> TASK GOAL
Word for word, repeat the data that follows. Do not include the pictures.

> EXERCISE DATA
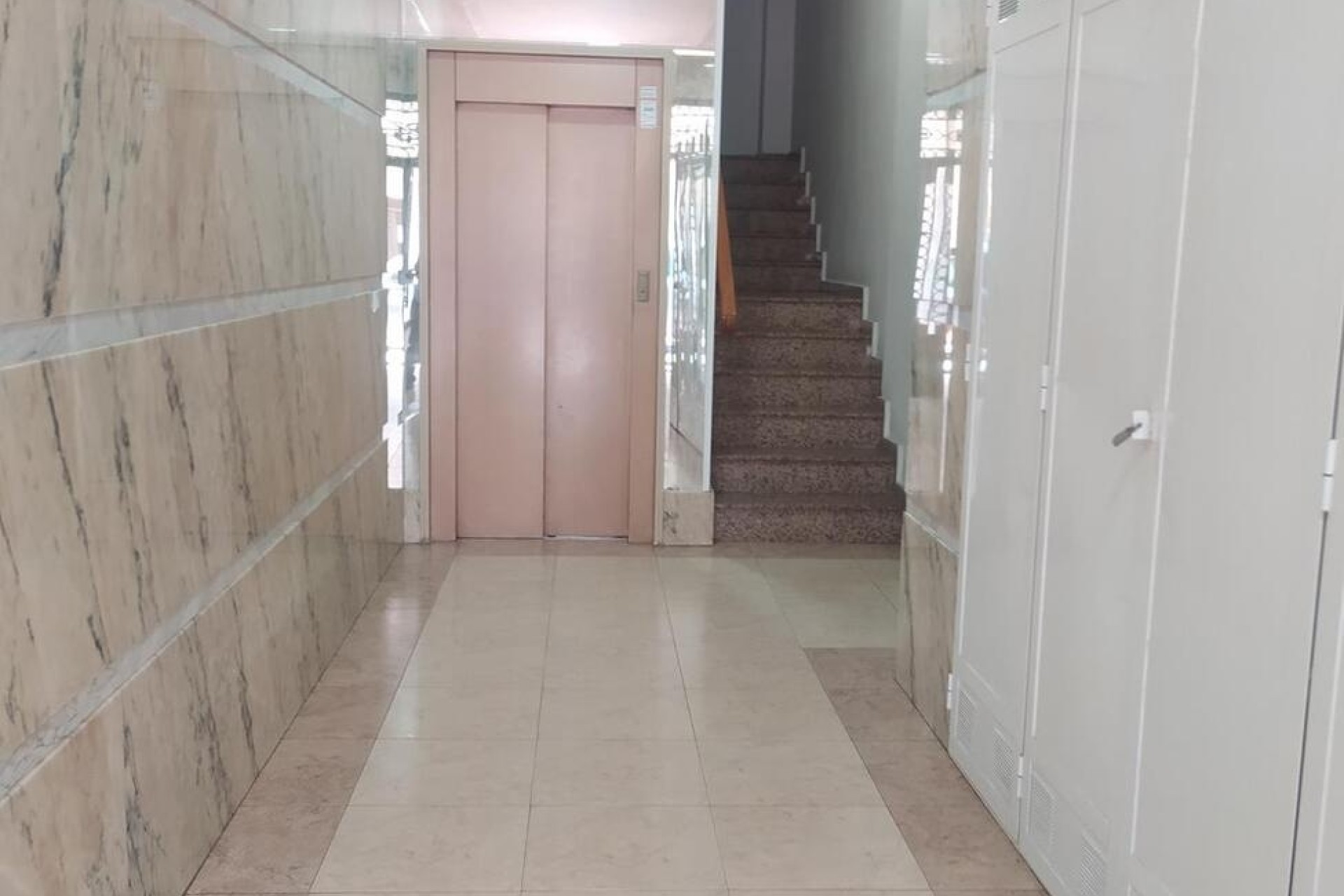 Revente - Appartement -
Torrevieja - CENTRE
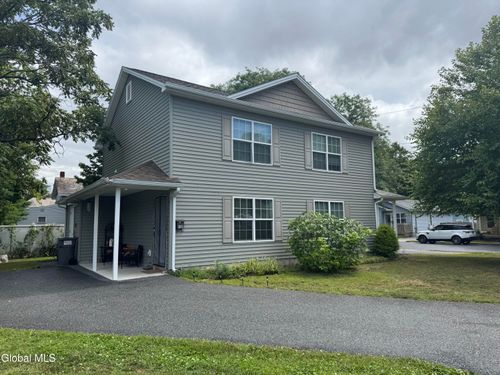 65 1st St, Glens Falls, NY, 12801-4261 | Card Image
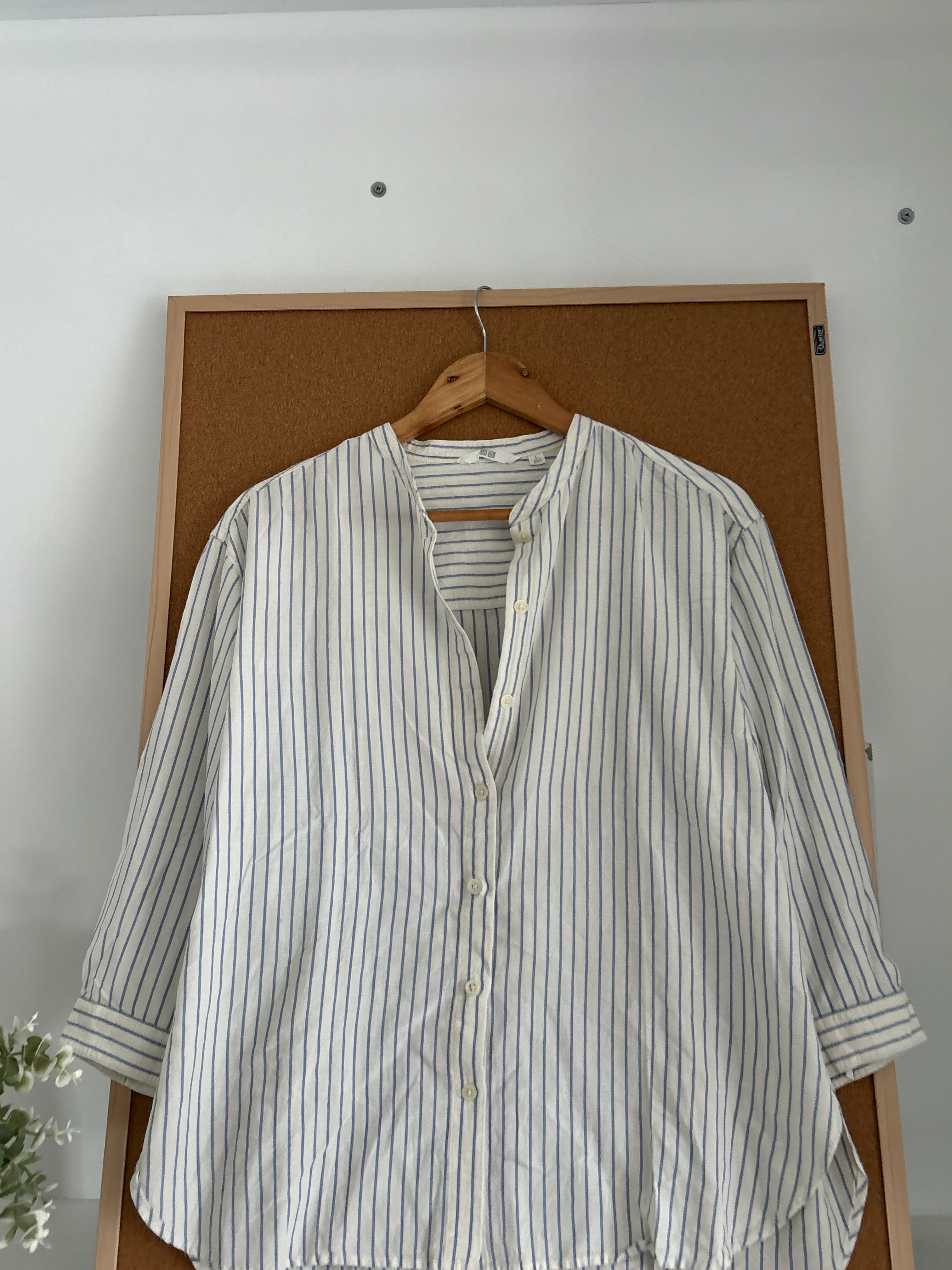 Mandarin collared shirt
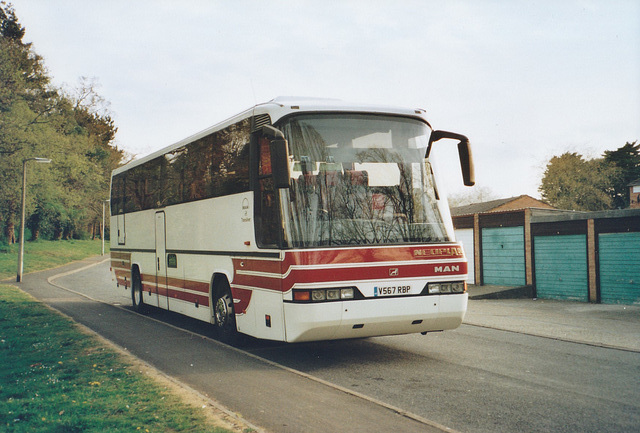 Dave Moore (Dave’s Travel) V567 RBP parked in Brandon – 17 Apr 2007 (570-17A)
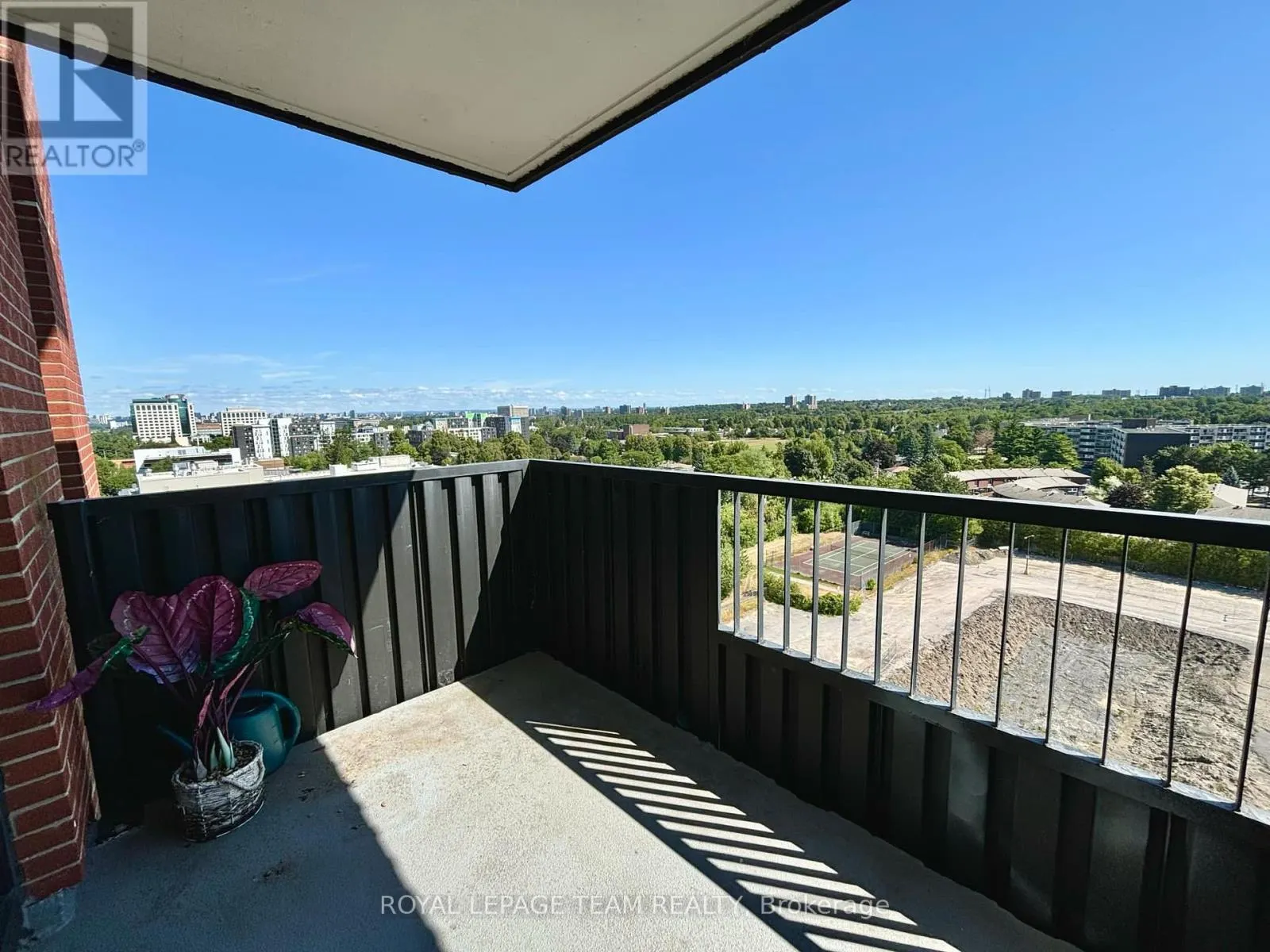 1101 - 2951 RIVERSIDE DRIVE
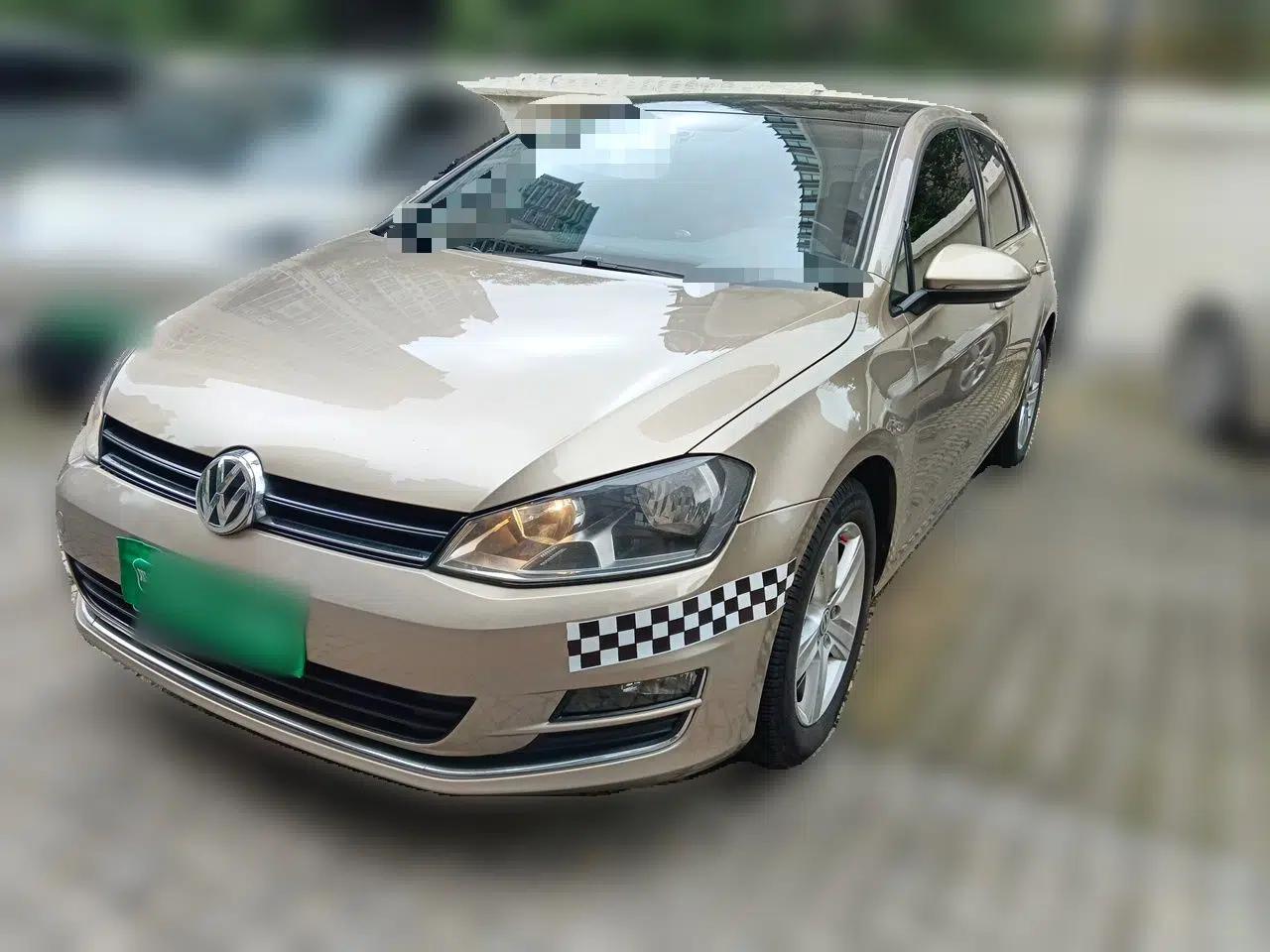 Volkswagen Golf 2015 1.6L Automatic Comfort Model — миниатюра 1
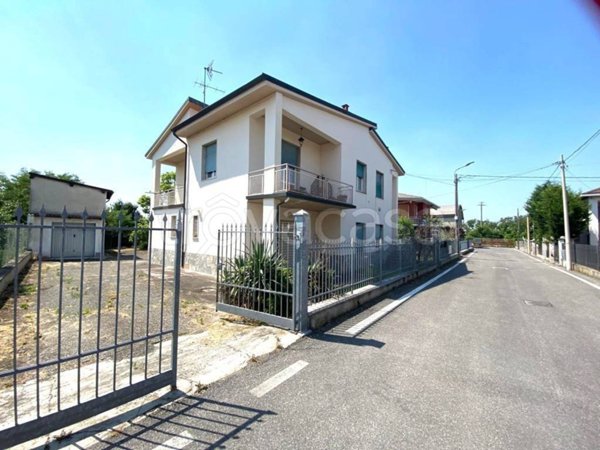 casa indipendente in vendita a Corvino San Quirico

> THE COMPLETED TASK
 Revente - Appartement -
Torrevieja - CENTRE
 65 1st St, Glens Falls, NY, 12801-4261 | Card Image
 Mandarin collared shirt
 Dave Moore (Dave’s Travel) V567 RBP parked in Brandon – 17 Apr 2007 (570-17A)
 1101 - 2951 RIVERSIDE DRIVE
 Volkswagen Golf 2015 1.6L Automatic Comfort Model — миниатюра 1
 casa indipendente in vendita a Corvino San Quirico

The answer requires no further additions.